I assume you wish a series of characters (a banned word) to be obscured but not if they are part of a larger word. Adding versions with a space at the start and end will not prevent this unless you also remove the standard version.
If you remove the standard version then a space at the start or end will still incorrectly catch "cumulative" and "locum" etc. whilst a version with a space at both ends will fail to catch hyphenated versions (unless specifically banned also) nor banned words at the end of sentences or otherwise flanked by punctuation e.g. in brackets since those are not equal to space characters.

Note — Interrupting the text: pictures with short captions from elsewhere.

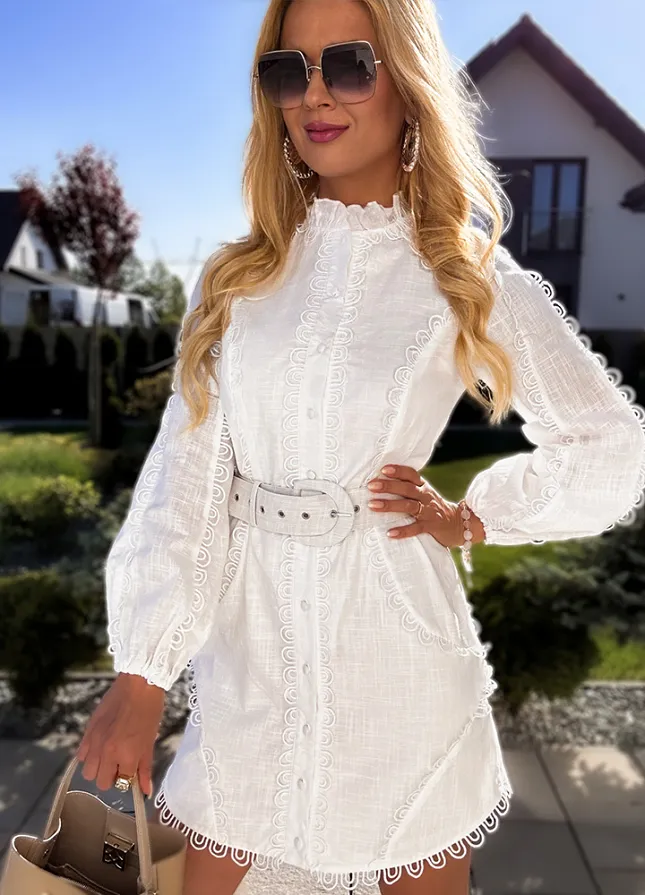 Biała sukienka koszulowa z eleganckim paskiem - L960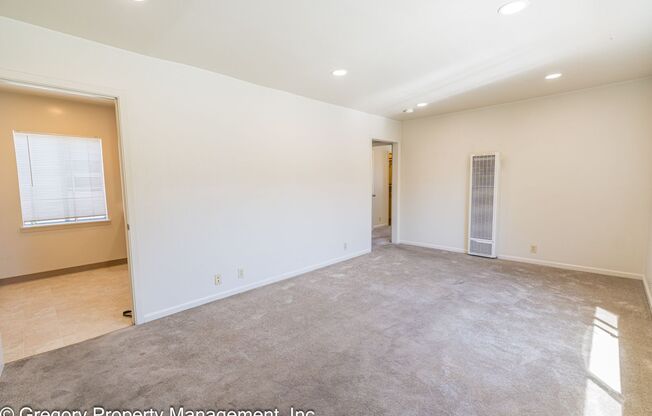 1710 Benton
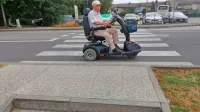   Takih in drugačnih ovir je po Novi Gorici veliko, pravi Edvard 
Mihelj.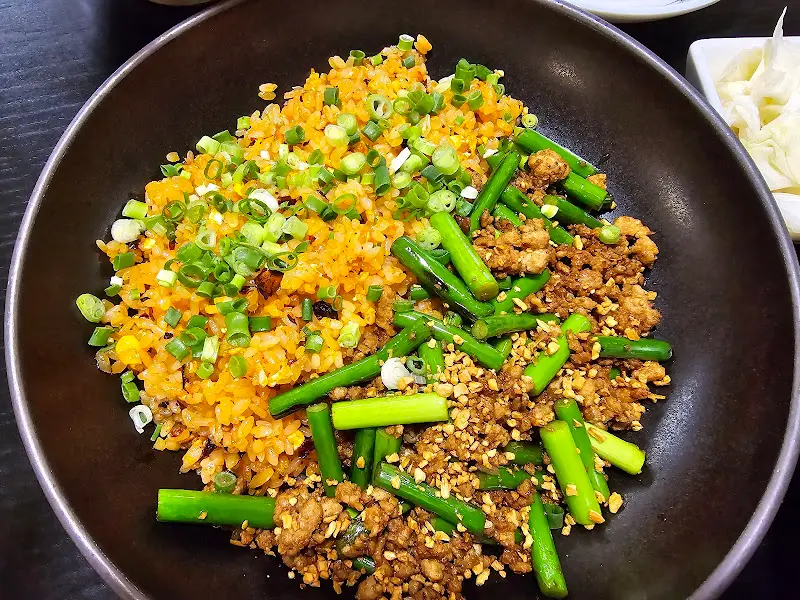 청화원 라오깐마 볶음밥 근접샷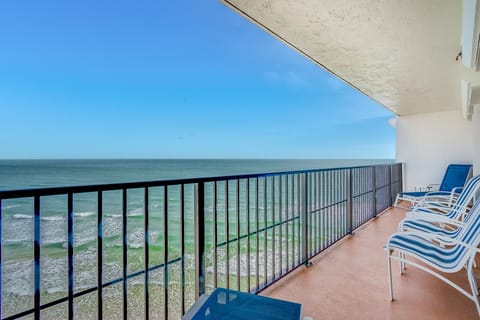 Private, direct oceanfront balcony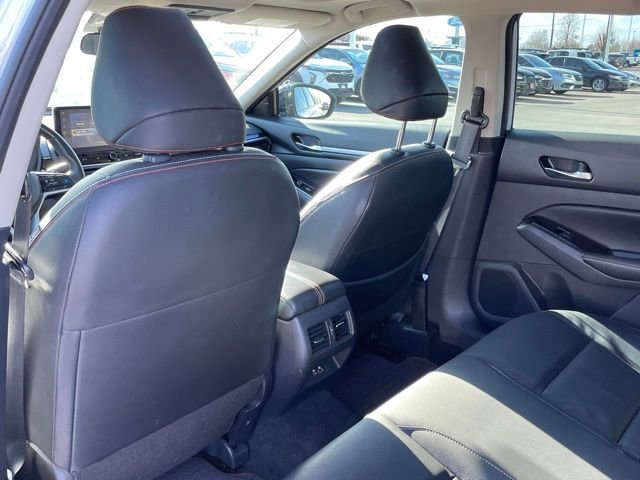 Used 2024 Nissan Altima 2.0 SR image 12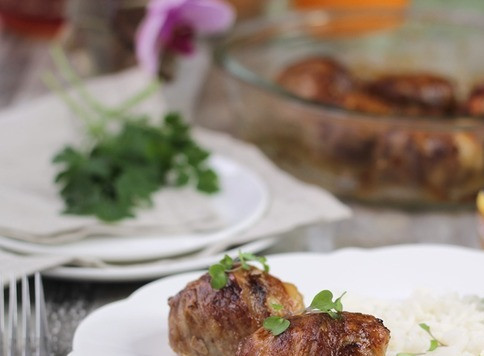 1. Этап. Мясные шарики в беконе: Готовые румяные мясные шарики подать к столу. Приятного!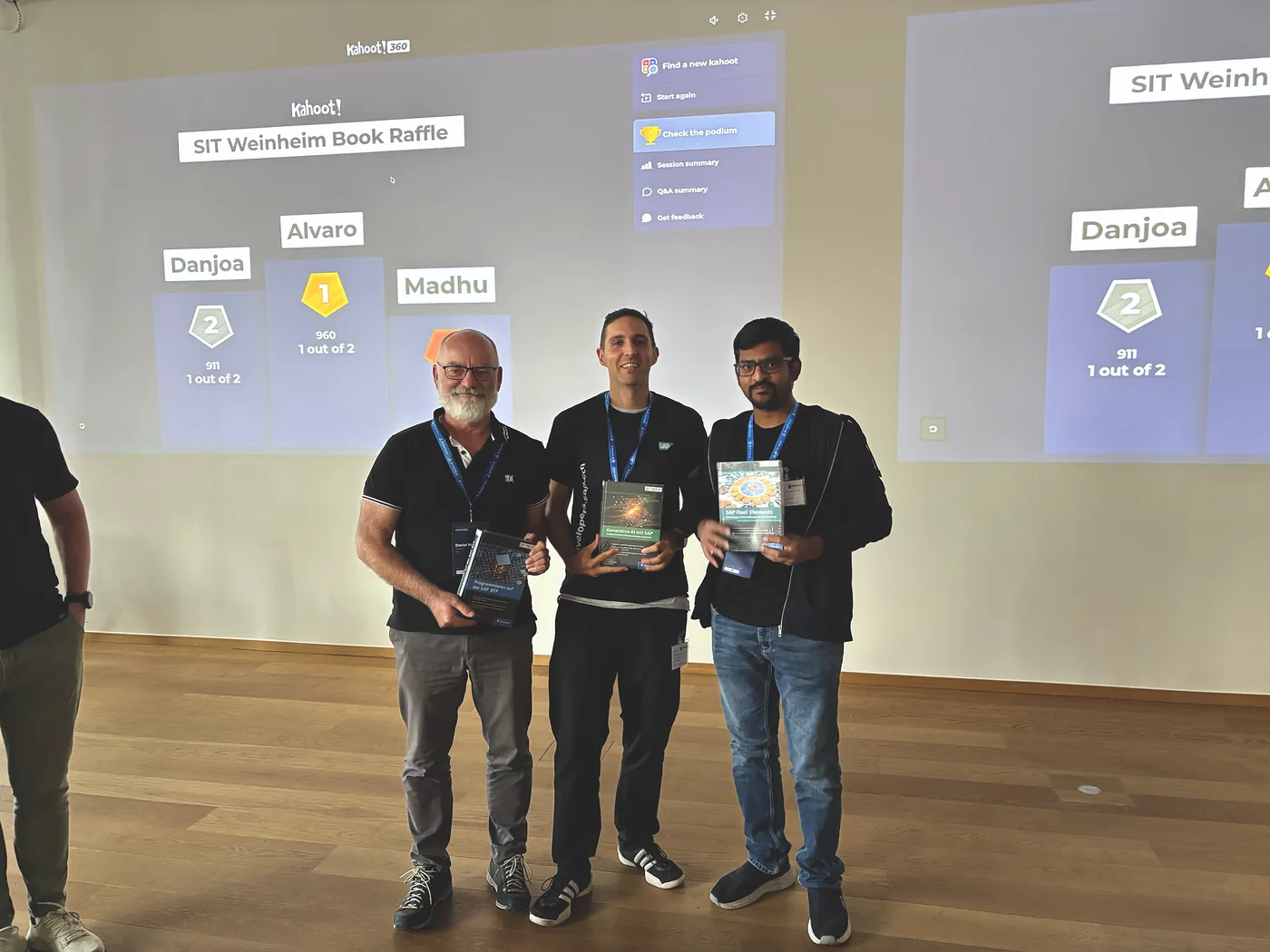 The winners of the SAP PRESS book raffle with their prizes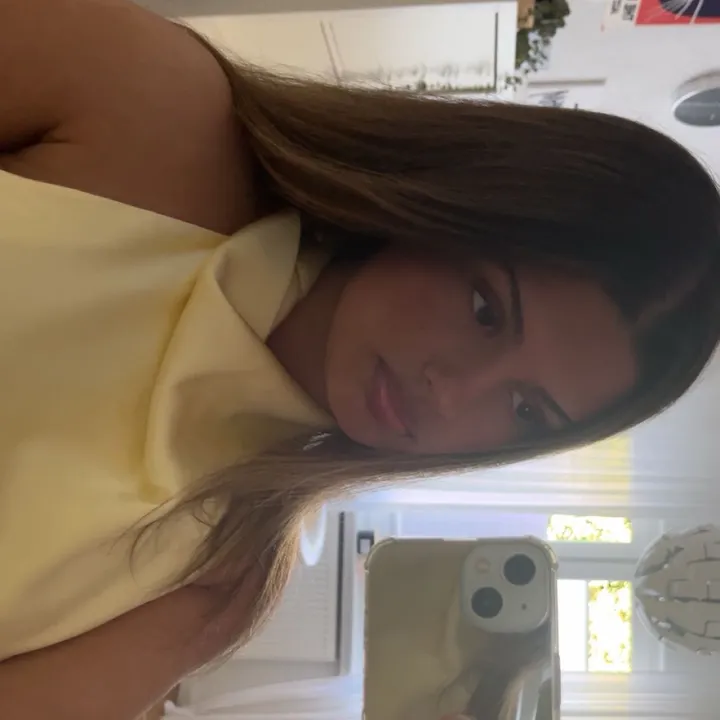 @mel_ina709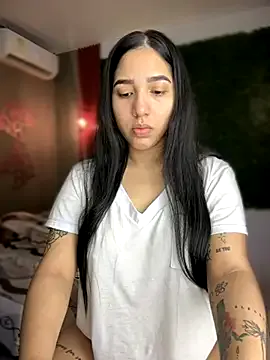 mismialove – webcam model profile photo Image 11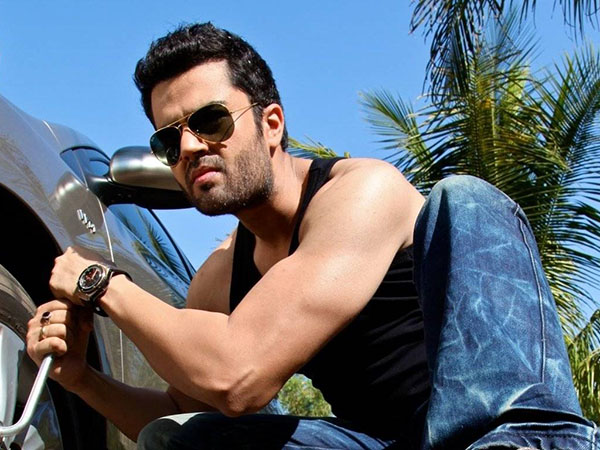 Manish Paul to do action scenes in 'Baa Baa Black Sheep'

You could do something more sophisticated with regular expressions but anyone who has received spam for one of the more than a sextillion potential spellings of \/i@g®@ knows that creative spelling goes a long way to defeating these kinds of defences.
Getting back to my philosophical objections to the very idea of an automatic censor, would you be surprised if I told you that the word you are trying to censor in your example was Word of the Day at dictionary.com on Sunday August 10, 2003?
I prefer someone's suggestion that the filter send an email to notify a human who can then decide what to do.
And on a technical note, the current filter doesn't seem to differentiate between words in text and link urls (for example). This could lead to some very odd behaviour.